The Soviet montage style in filmmaking is a critical aspect, the films that were made during the movement were very influential and ushered in a new era of filmmaking, with the central aspect of the style being editing. The Cabinet of Dr. Caligari is one film that contributed to the film history and how films were made. Examining the film, and rewriting it with the Soviet montage style would make it more interesting, especially with the collision montage. Collision montage is a technique where the shots are edited such that they are conflicting with one another instead of being linked (Crow). The technique resonates in the mind of the viewer as it creates new concepts in their minds.

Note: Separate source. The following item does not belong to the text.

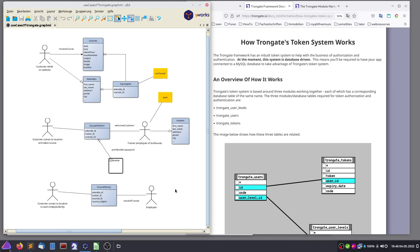Hello and welcome. We need to teach our application to know who is logged on, and we also need to teach the application to know what this logged-on individual is allowed to do.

Remaking the movie in the style of Soviet montage, I will ensure that the key elements of the story would be highlighted by the collision. The scenes where Francis, Alan, and Jane visit Dr. Caligari, when they are being told about the somnambulist and how he predicts the future, I will combine with the shots of the mental asylum, to tell the viewers that there might be something wrong. The scene where Alan is being killed, I would collide with a scene from the mental asylum too as Francis is being attended to by the director (Perry, 42).
The other part that could be edited to reflect the style of Soviet montage is when the police are investigating the murder and visits the mental asylum, a shot from the present when Francis has been diagnosed will be perfect. Connecting the two will provide a link with what was now happening, that the entire events have been happening in the mind of Francis and that they were barely true (Perry, 42). The film provides an interesting twist as the viewer is led to believe that the director of the mental asylum was DR. Caligari, combining that with the shots where they find the book with Dr. Caligari’s story will also create a connection in the minds of the viewers.
Crow, Jonathan. "A Visual Introduction to Soviet Montage Theory: A Revolution in Filmmaking". Open Culture. N.p., 2016. Web. 12 Feb. 2016.
Perry, Ted. Masterpieces of Modernist Cinema. Bloomington: Indiana University Press, 2006. Print.